> _Task statement_: Would you transcribe the records below from the line with "ZCZN 100 Pack" to the line with "in gold plated", ends included, exactly and with nothing more, leaving the pictures out?

> _Source data_:
======
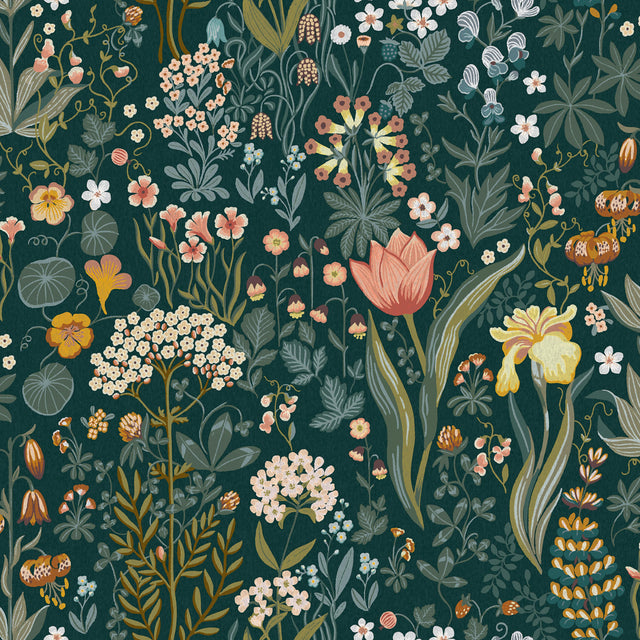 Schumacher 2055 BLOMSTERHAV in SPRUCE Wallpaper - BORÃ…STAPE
======
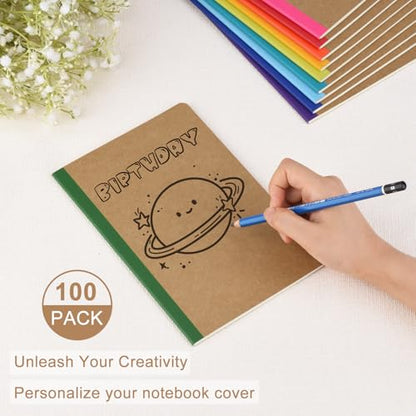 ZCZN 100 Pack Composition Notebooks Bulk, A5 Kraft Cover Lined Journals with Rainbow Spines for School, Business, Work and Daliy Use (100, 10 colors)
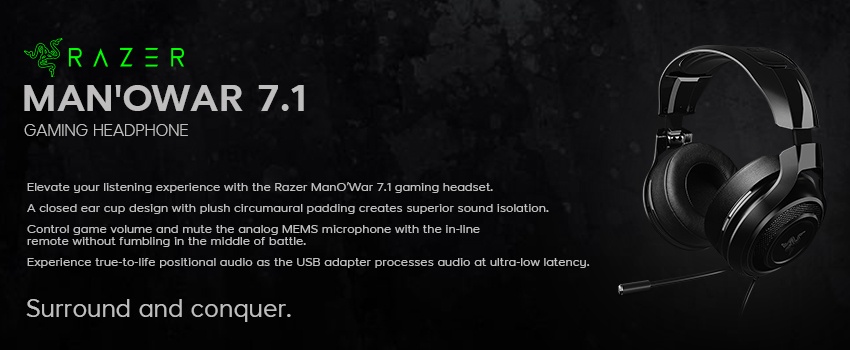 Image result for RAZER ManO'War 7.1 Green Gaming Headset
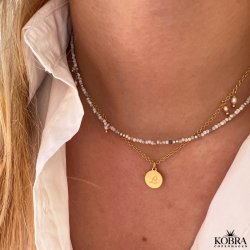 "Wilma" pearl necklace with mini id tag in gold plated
======
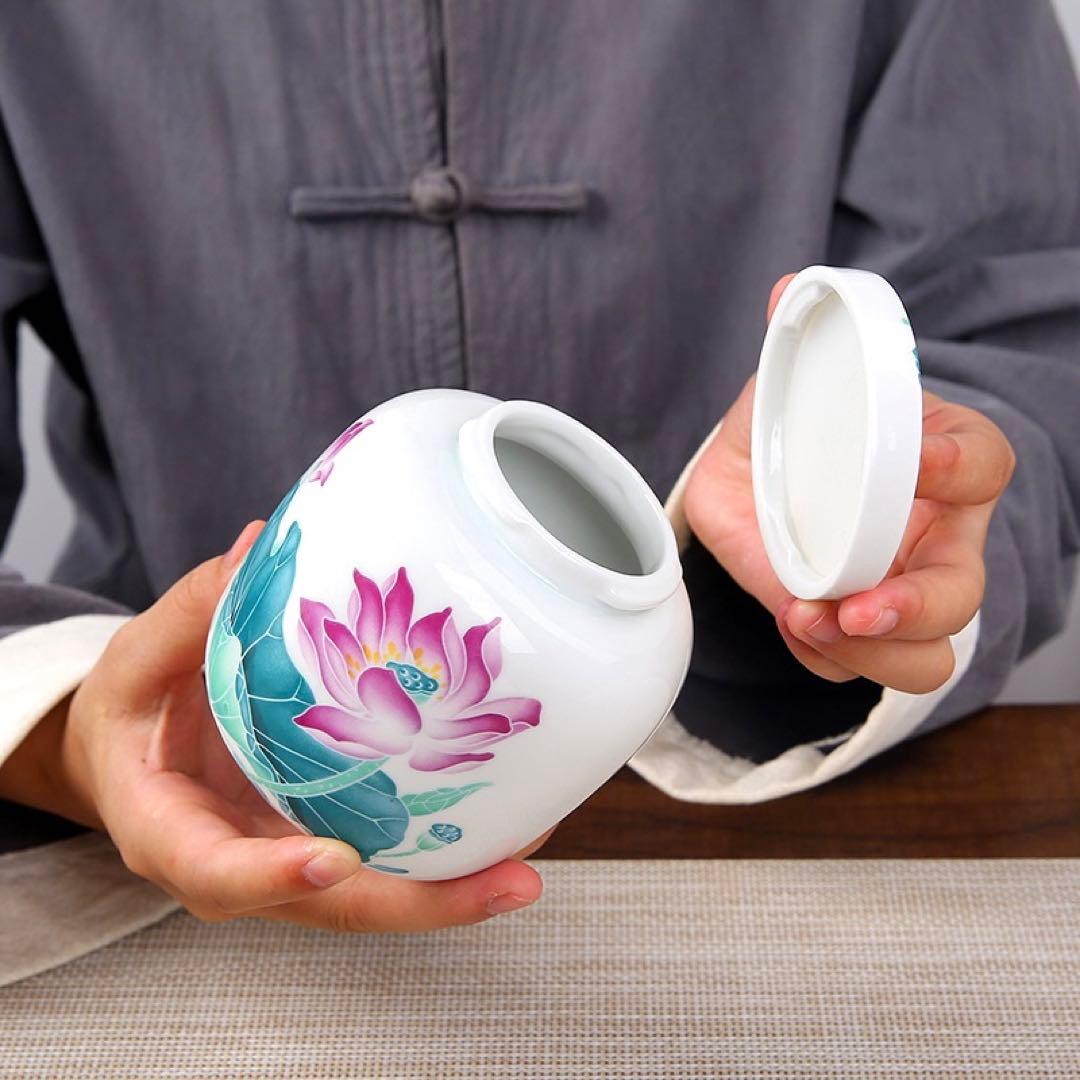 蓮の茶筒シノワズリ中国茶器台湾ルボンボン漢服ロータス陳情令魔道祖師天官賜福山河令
======
> _Solution_:
 ZCZN 100 Pack Composition Notebooks Bulk, A5 Kraft Cover Lined Journals with Rainbow Spines for School, Business, Work and Daliy Use (100, 10 colors)
 Image result for RAZER ManO'War 7.1 Green Gaming Headset
 "Wilma" pearl necklace with mini id tag in gold plated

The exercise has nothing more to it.